= PROBLEM DETAILS =
All lines from the one containing "VIN 3FA6P0HD5HR251059 2017" through the final line of the records below should be reproduced exactly, with the pictures left out.

[Stored data entries]
··········
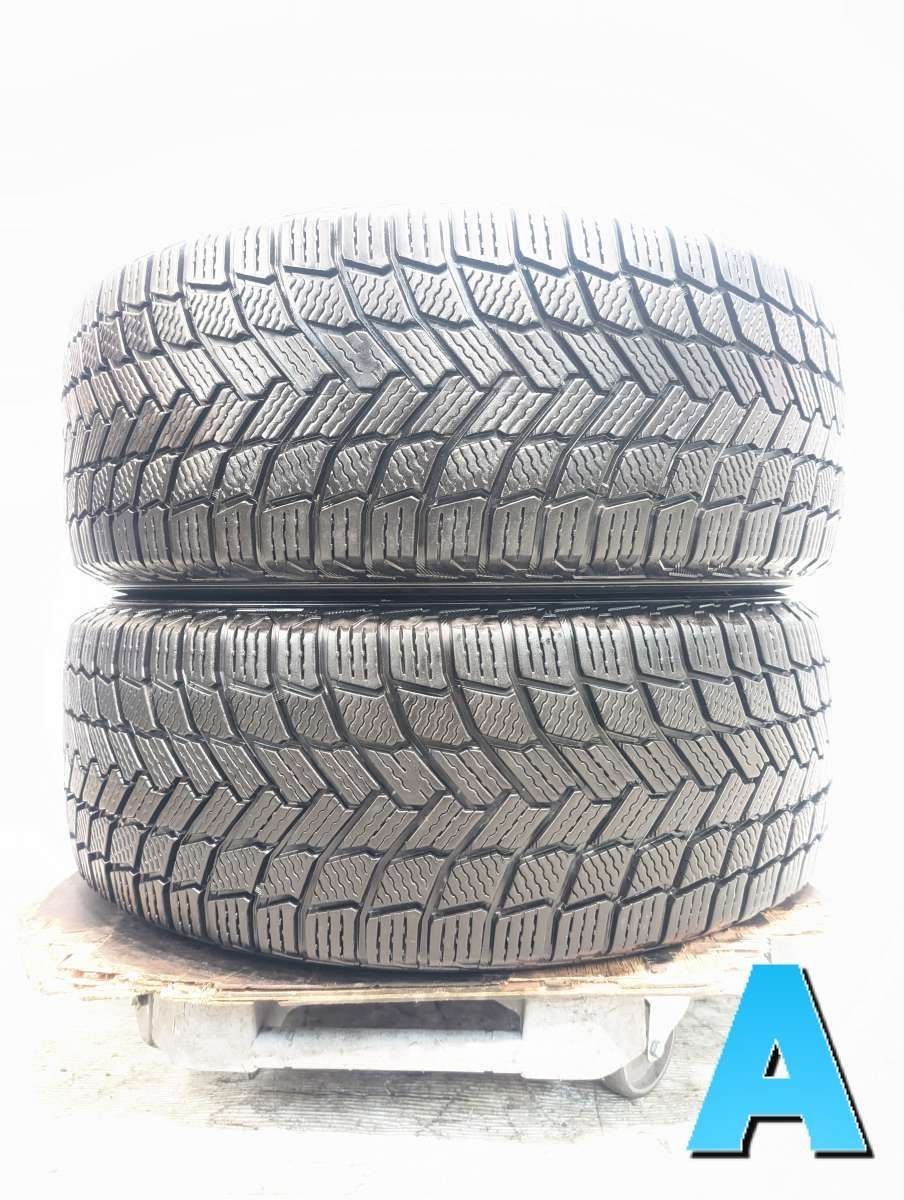 215/55R17 ミシュラン X-ICE SNOW 中古タイヤ スタッドレスタイヤ 2本セット w17260621046
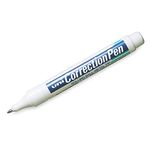 UNI-BALL CLP300 1.0mm Multipurpose Correction Pen | White Ink, Pack of 1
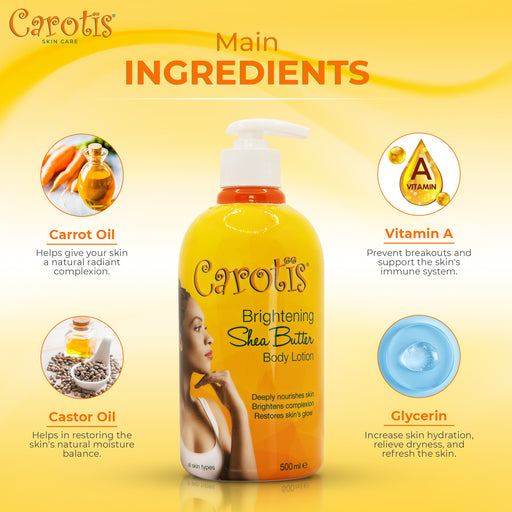 Carotis Lightening Serum with Vitamin A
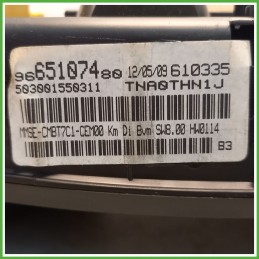 Quadro strumenti contachilometri tachimetro PEUGEOT 308 1.6 16V 9806132880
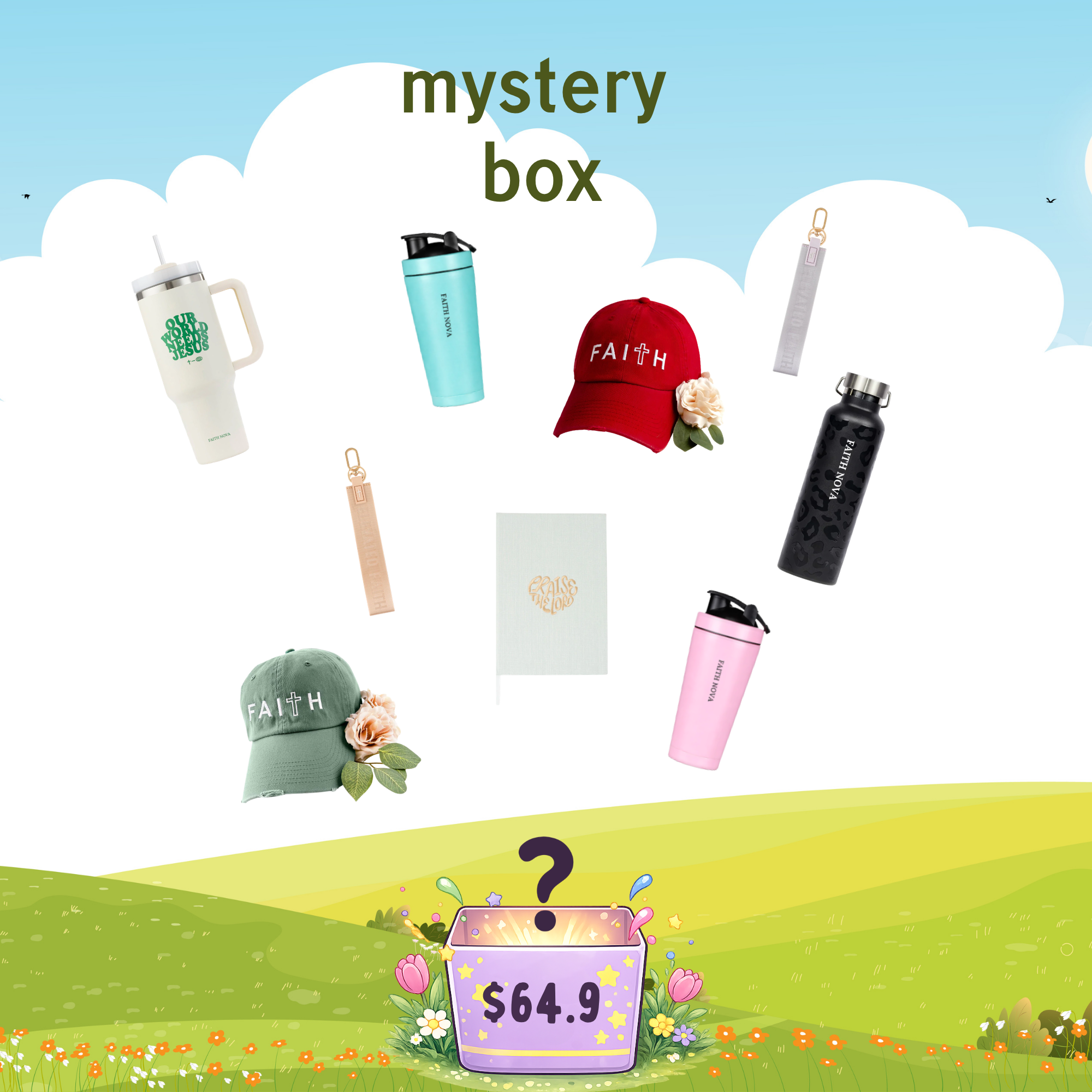 Surprise Accessories Mystery Box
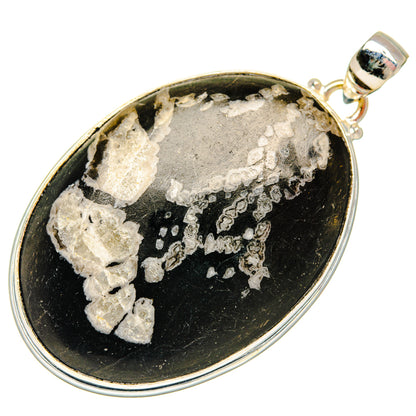 Chrysanthemum Stone Pendants handcrafted by Ana Silver Co - PD28308 - Photo 2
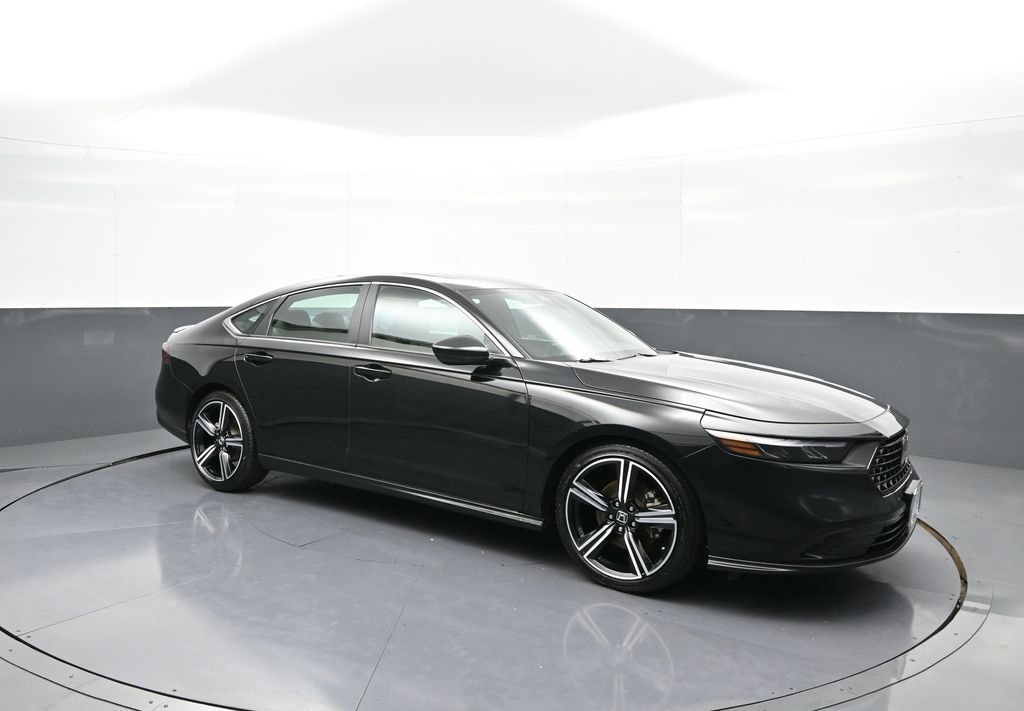 Certified 2024 Honda Accord Hybrid Sport Sedan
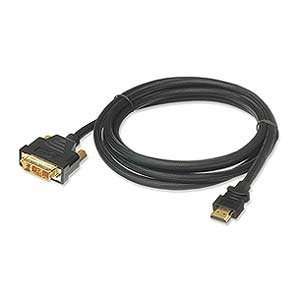 2 METER 6 FT HDMI/DVI Cable M M Male to Male NEW 
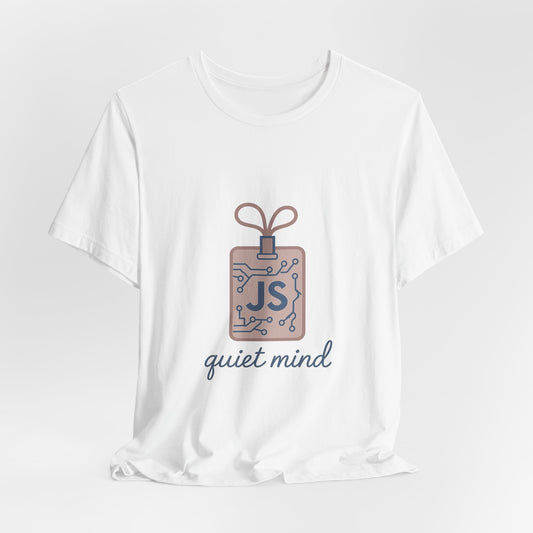 Web Developer T-Shirt – Bella Canvas Jersey Tee | Minimalist Aesthetic for Coders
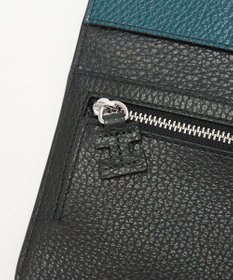 IACUCCI アバ バイカラーロングウォレット CERVO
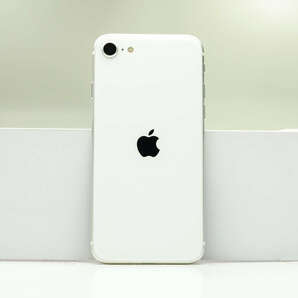 iPhoneSE2 128GB 第2世代 ホワイト SIMフリー 訳あり品 ジャンク 中古本体 スマホ スマートフォン 白ロムの画像1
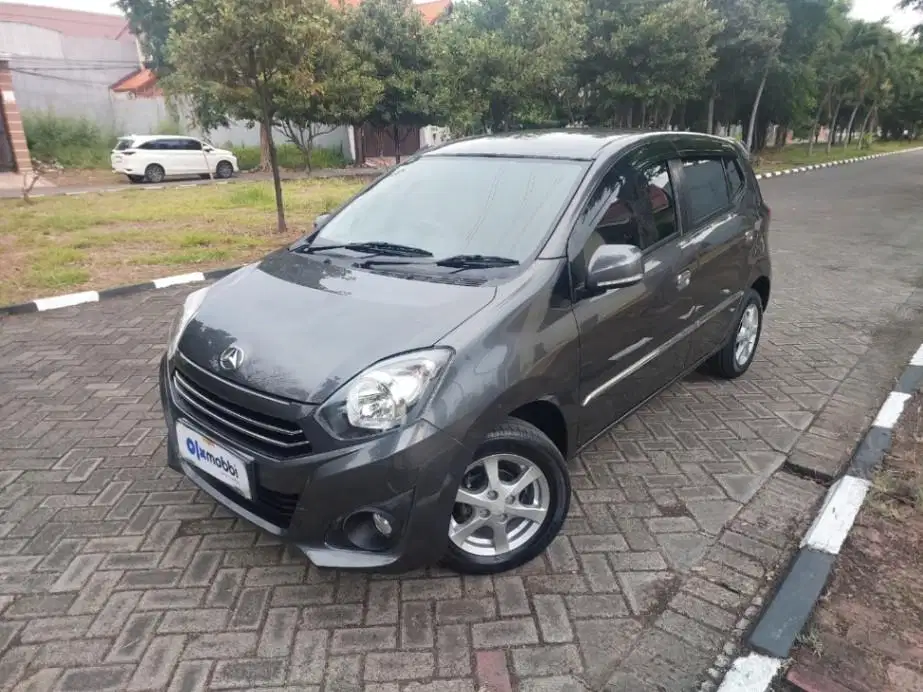 DP MURAH Daihatsu Ayla 1.0 X Bensin-MT-2019 ABU-ABU L WO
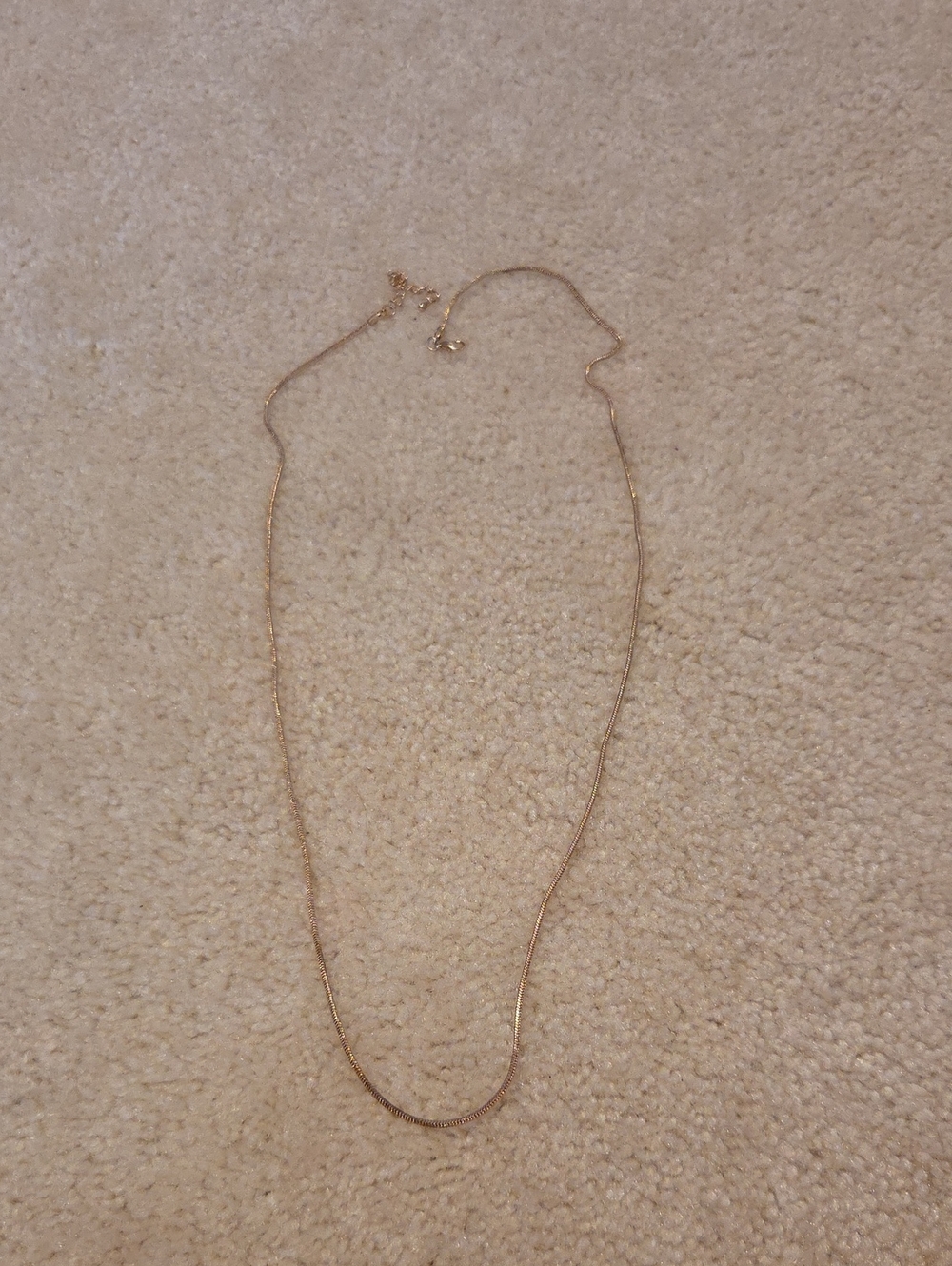 Delicate Gold Chain Necklace for Women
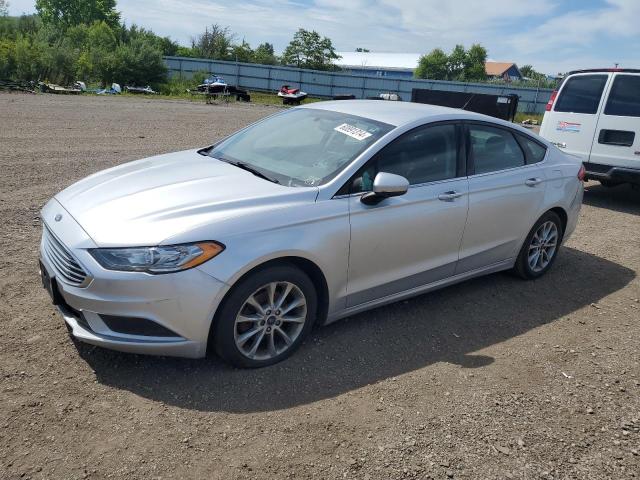 VIN 3FA6P0HD5HR251059 2017 Ford Fusion, SE no.1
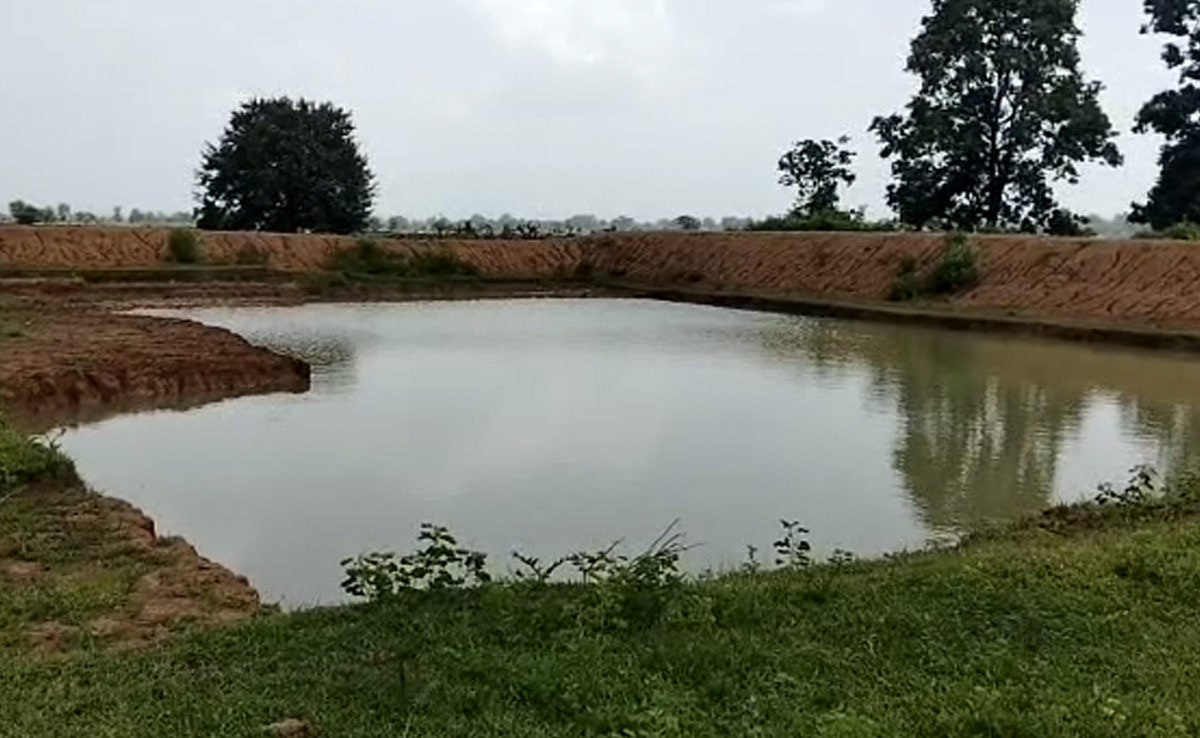 बालाघाट : तालाब में नहाने गए दो बच्चों की डूबने से हुई मौत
··········
= ANSWER =
 VIN 3FA6P0HD5HR251059 2017 Ford Fusion, SE no.1
 बालाघाट : तालाब में नहाने गए दो बच्चों की डूबने से हुई मौत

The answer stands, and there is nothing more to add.